20 January 2013

Sandy Hook, part two, 20 seconds

I figure the adults at the Sandy Hook Elementary School had twenty seconds to respond to the armed intruder on December 14th, if they were going to save any of the children in their care.  That's all the time it would have taken Mr. Adam Lanza to step through the shattered front door and walk to the nearest classroom and start firing and killing first-graders. 

It took him a little longer than that because Principal Hochsprung and Mary Sherlach got in his way...but not for long.  He just shot them dead and continued on.  

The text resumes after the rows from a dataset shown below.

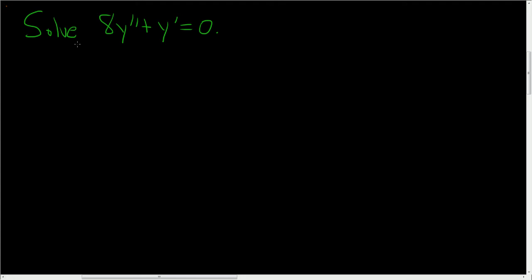Okay, so we have to solve this second-order, homogeneous, linear differential equation. Wow, that's a lot to say, so solution.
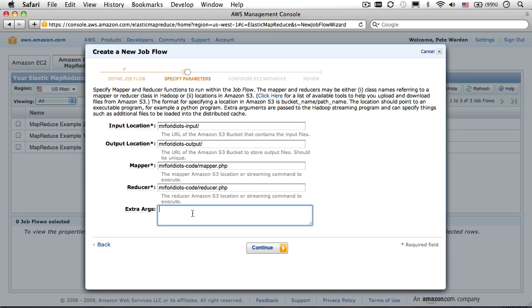You don't need to enter anything in the extra argument box for this example, but it's incredibly useful when you start to create more advanced jobs. It allows you to pass any Hadoop command line options directly to the system, which really opens the door to things like multiple input folders, using gzipped input files, and really fine-grained control over the whole process.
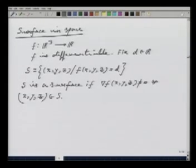So a surface is: given a differentiable function F, fix a constant D, look at all (x, y, z) such that F(x, y, z) = D — assuming the set is nonempty — and if the gradient of F at all those points is nonzero, then I call S a surface.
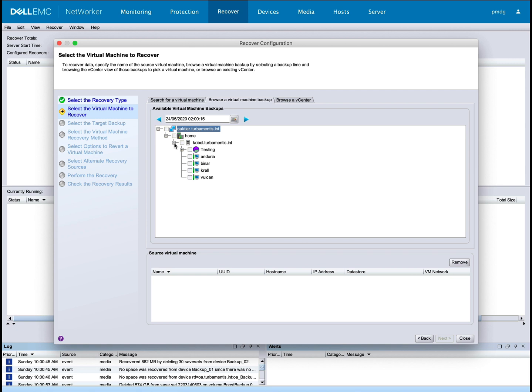Here you can see a tree view of the virtual machines that have been backed up. To start the multiple virtual machine recovery process, select two or more virtual machines.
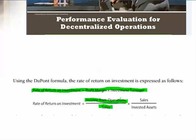The investment turnover is the sales divided by the invested assets. We'd calculate the income from operations divided by sales — shown in green — and then multiply that times the investment turnover, which is sales divided by the invested assets. That will give us the rate of return on our investment.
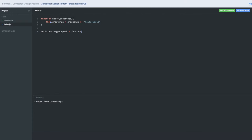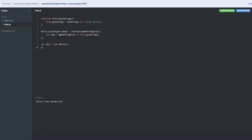The speak method is a prototype function that gets the greeting value. Now, to create an object of this, you do: obj = new hello(), and then you can call obj.greetings and obj.speak — those are the methods you get.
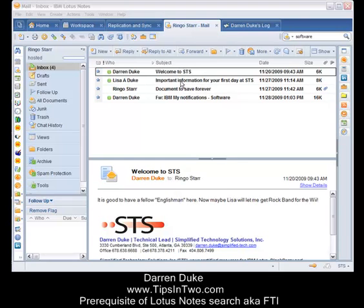Hello everybody, my name is Darren Duke and I will be your host for this session of Tipsin2, your source for everyday tricks and tips for Lotus Notes. Ever since Notes has been around, it has had some excellent search functionality built right into the databases and applications that your developers and/or IBM create.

The third adult to have a chance at stopping the murderer, before he gets to the children,  is Lauren Rousseau, 30, a substitute teacher in the first classroom.  She, like Dawn and Mary, has nothing but her bare hands to defend herself and her students.  It has now probably been less than a minute since the first shots are fired and the gunman begins shooting children.

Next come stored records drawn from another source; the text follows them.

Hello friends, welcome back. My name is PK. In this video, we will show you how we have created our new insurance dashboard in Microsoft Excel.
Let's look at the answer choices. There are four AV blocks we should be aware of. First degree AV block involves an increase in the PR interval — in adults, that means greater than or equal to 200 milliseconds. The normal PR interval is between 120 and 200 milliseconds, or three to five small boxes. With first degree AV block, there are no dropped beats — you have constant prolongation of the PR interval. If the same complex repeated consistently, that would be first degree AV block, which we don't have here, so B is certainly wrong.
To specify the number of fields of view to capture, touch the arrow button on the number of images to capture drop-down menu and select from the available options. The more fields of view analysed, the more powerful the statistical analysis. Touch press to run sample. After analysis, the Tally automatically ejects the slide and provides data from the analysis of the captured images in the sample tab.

I bring this up because this kind of mass shooting is going to happen again.  It will happen nomatter how many guns are restricted or confiscated.  It will happen nomatter how many extra health professionals are hired and nomatter how many angry looneys are locked up or drugged into a vegetative stupor.   It will probably happen much the same way, with very little time to respond before innocent children are killed.   And even if the police get there in record time, too many will die.

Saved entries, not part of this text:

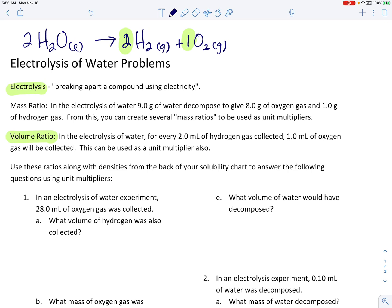So the volume ratio down below: if you collect two milliliters of hydrogen gas, you'll collect only one milliliter of oxygen gas with it. So there's a two to one ratio — 2.0 milliliters of hydrogen for every 1.0 milliliters of oxygen — and we can use that ratio as a unit multiplier.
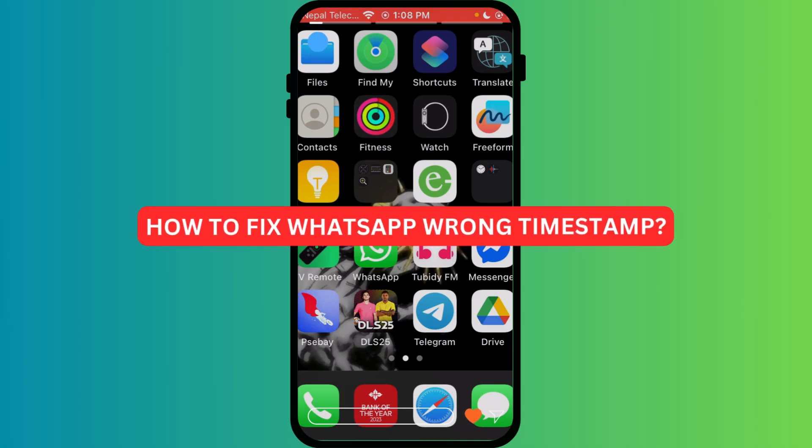How to fix WhatsApp wrong timestamp. Are your WhatsApp messages showing the wrong time or date? This simple guide will help you fix it in just a few taps.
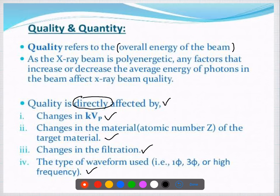Coming to question number six, it is about rotating anode. As already discussed, there are a few methods of dispersing the heat from the focal spot, and rotating anode is one method. The answer for the sixth question is C.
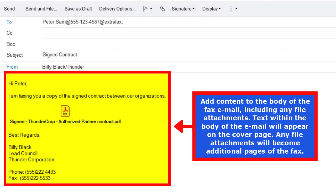Add content to the body of the fax email, including any file attachments. Text within the body of the email will appear on the cover page. Any file attachments will become additional pages of the fax.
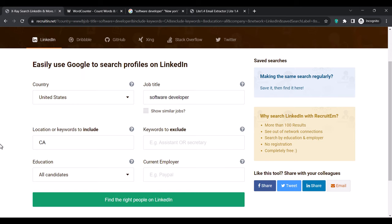To recap: using the recruiting website helps you generate a unique search query for Google to get targeted leads for your email marketing. All you have to do is select the country, type in the job title, and at the location field narrow down your search to a specific state or city. For example, to target accountants in London, UK, I'll change the location to London, the country to United Kingdom, type 'accountant' as the job title, and click 'Find the right people on LinkedIn' to get the search query.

I suggest to you, that if we want to stop the next mass shooting, each adult in the school needs to carry a loaded weapon and have it on her person at all times.  There isn't going to be time to go to a locker in the central office, or even open a gun safe in each classroom.   The teacher may not be in her classroom when the moment comes.  She may be in the parking lot, or playground or gymnasium or cafeteria or hall. 

I suggest to you that this whole "lockdown" procedure is more likely to cost lives than save them.   Teachers are told, in the case of a gunman inside the school, to get students from the hall into the nearest classroom, lock the classroom door (if it can be locked) turn off the lights and air conditioning, close and lock the windows, pull the window blinds, and then have the students sit quietly on the floor with their backs against the same wall as the door, far from the door as possible.  The teacher is told to grab the roll book and not to cover the window in the door.  This is so the intruder will look in the door window and see a dark empty classroom and pass it by.  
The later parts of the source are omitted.